In the outskirts of the village there is a famous Kalika Devi Mandir, Deeheshwar Mahadev Mandir and Lakshyeshwar Mahadev Mandir, Nimban Mata, Fhool Devi Mata. This village played significant role in pre-independence era as a market area for near-by places but has lost much of its significance with development of nearby areas of Bighapur and Purwa while this has somewhat remained as it was.

The village was the birthplace of famous Hindi Critic Aacharya Nand Dulare Bajpai, who also served as Vice Chancellor of Vikram University, Ujjain for a brief period. Notably the village is also a native to premier Indian stand up comedian Raju Srivastava where his father Balai Kaka used to live before he shifted to Kanpur.
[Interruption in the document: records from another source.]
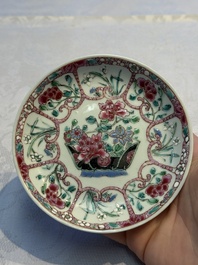 Eight sets of Chinese famille rose cups and eight saucers, Yongzheng/Qianlong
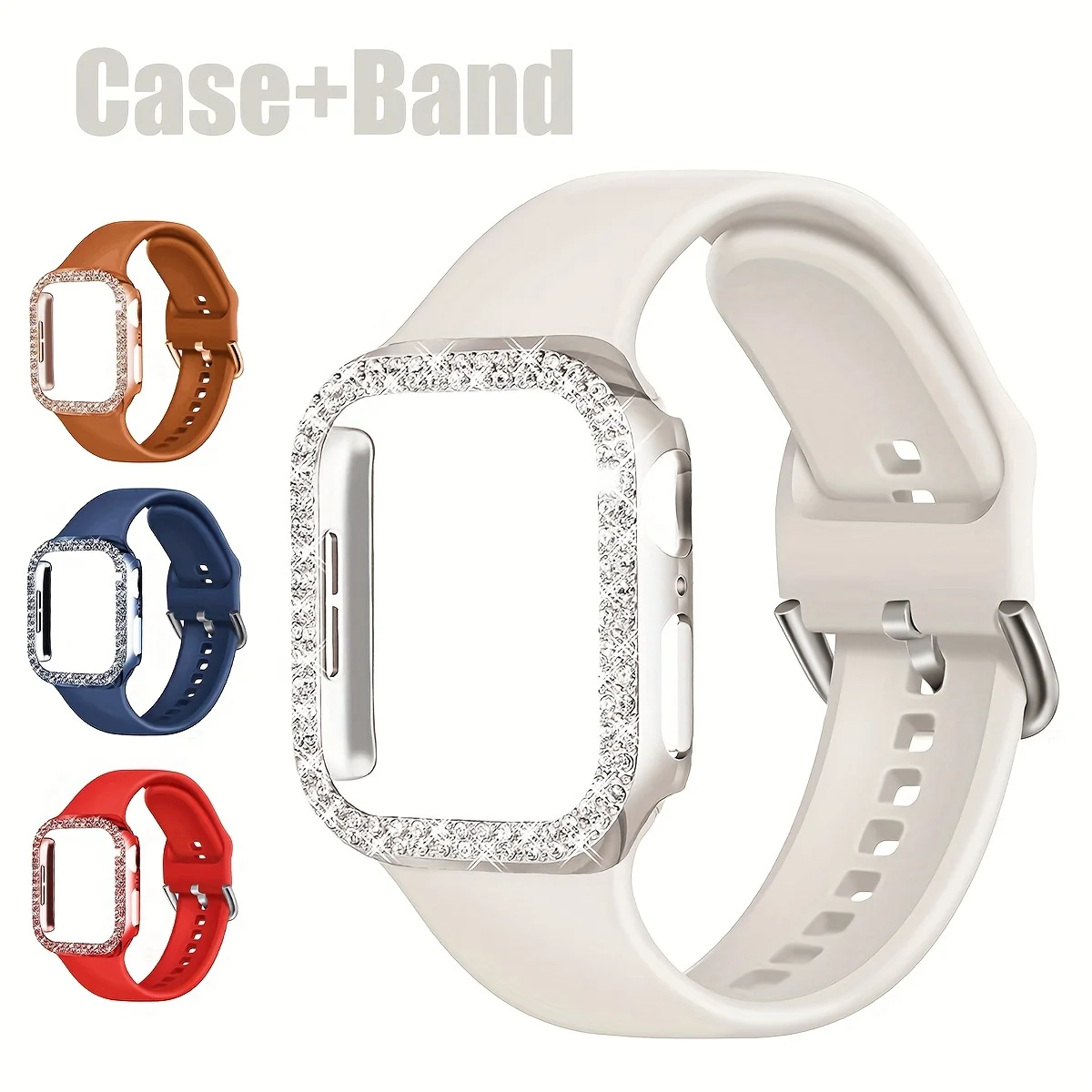 سوار رياضي + حافظة لساعة أبل 40/41/44/45/S1042/46 غطاء حزام من السيليكون سوار ممتص للصدمات IWatch Series 9 8 7 6 5 10 ملحقات #1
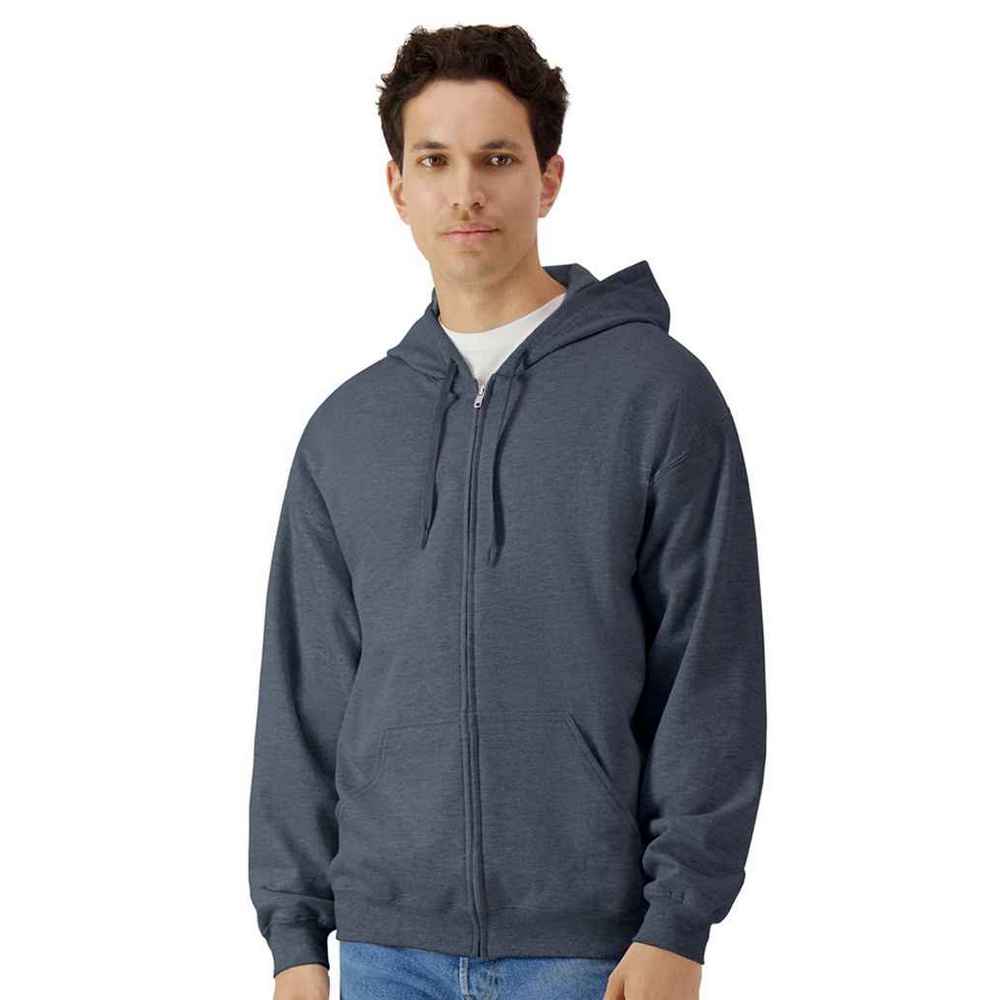 Gildan Mens Softstyle Fleece Midweight Full Zip Hoodie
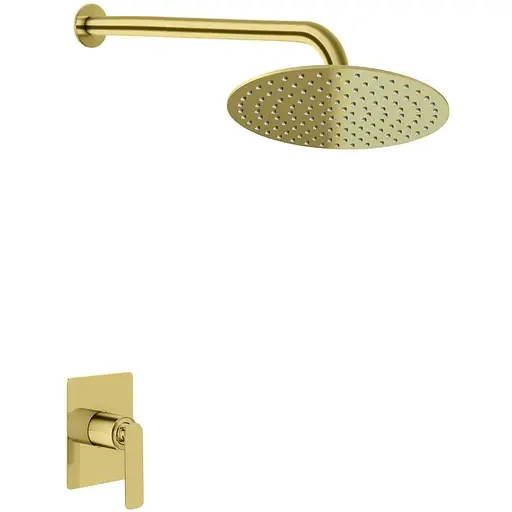 Душова система Kohlman Experience 30 brushed gold + BOX прихованого монтажу KPL-QW220EGDBR30, Золотий - фото 1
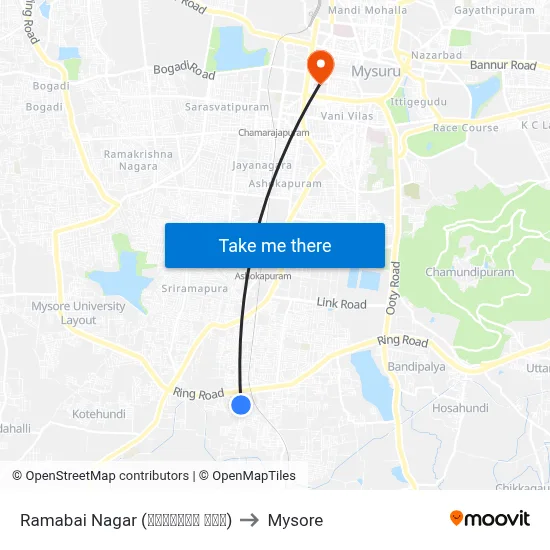 Ramabai Nagar (ರಮಾಬಾಯಿ ನಗರ) to Mysore map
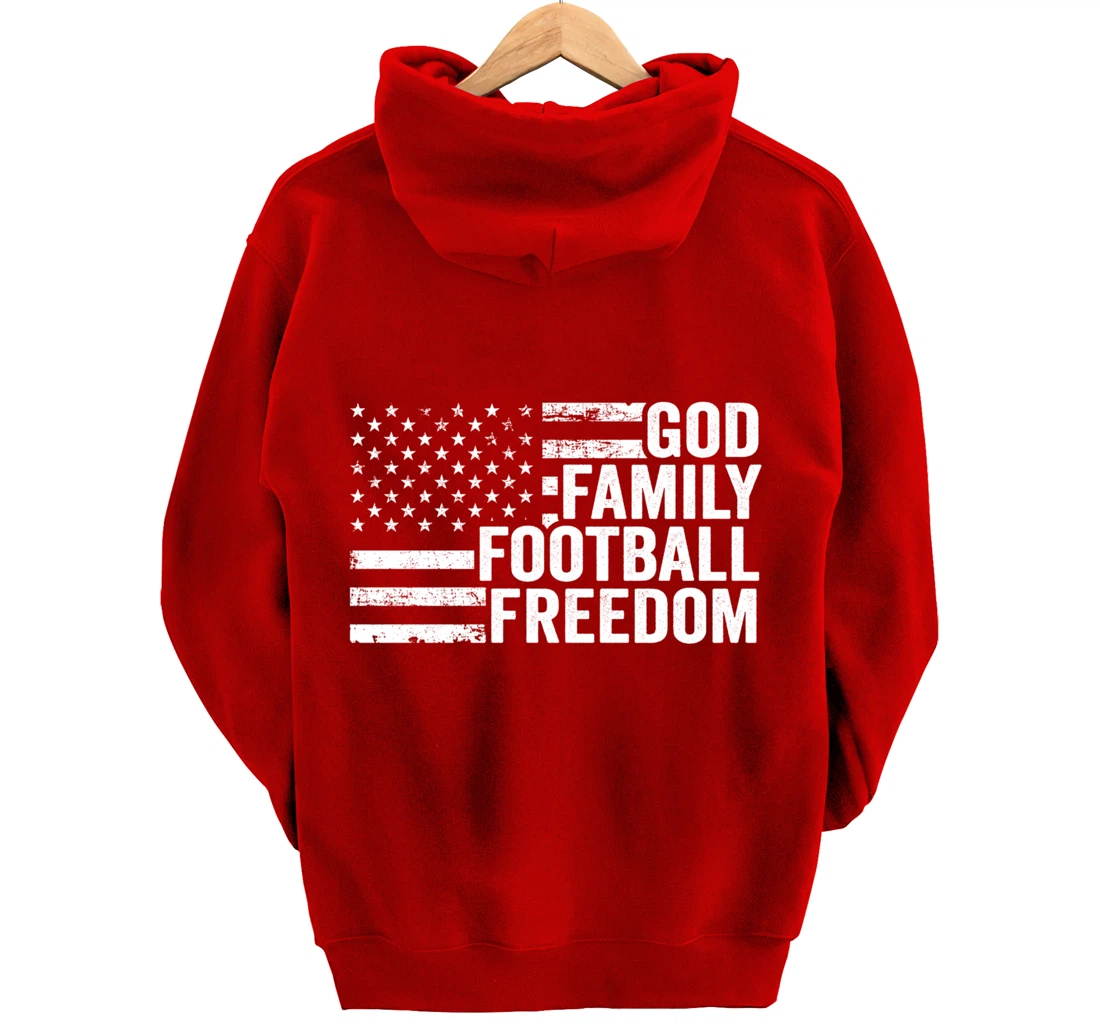 God Family Football Freedom - Funny Player Coach USA Flag Pullover Hoodie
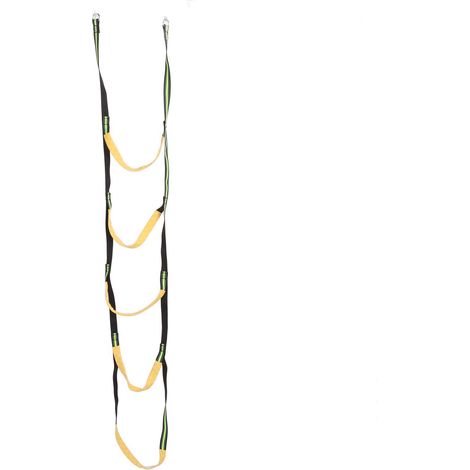 Échelle de corde pliable à 5 marches en nylon pour embarquement facile, idéale pour les bateaux pneumatiques, pontons, voiliers, kayaks et bateaux à moteur. Couleur : vert fluorescent. (1/5)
Mr. Raju Patel is the current Gram Panchayat Pramukh of Magrair.

== History ==
The origin of the name Magrayar is not known. It is attested as a pargana capital since the time of the Mughal emperor Akbar. Under the Nawabs of Awadh, a tehsildar resided at Magrayar and had authority over the entire pargana.

At the turn of the 20th century, Magrayar was described as a sleepy little town, located off the main roads traversing the area. The 1901 census recorded a population of 2,056 residents, including a Muslim minority of 60. Magrayar then had an upper primary school, with 62 students, as well as one mosque and five Hindu temples — four dedicated to Devi and one to Mahadeo.

The 1961 census recorded Magrayar (as "Magrair") as comprising 5 hamlets, with a total population of 2,627 (1,382 male and 1,245 female), in 480 households and 478 physical houses. The area of the village was given as 2,204 acres. It had a library, a medical practitioner, and a post office then.

== Sport ==
A big Wrestling event is also organised annually by 'Nandini Trust' in Magrair in the memory of famous Hindi poet Mahapran Nirala and Acharya Nand Dulare Bajpayi.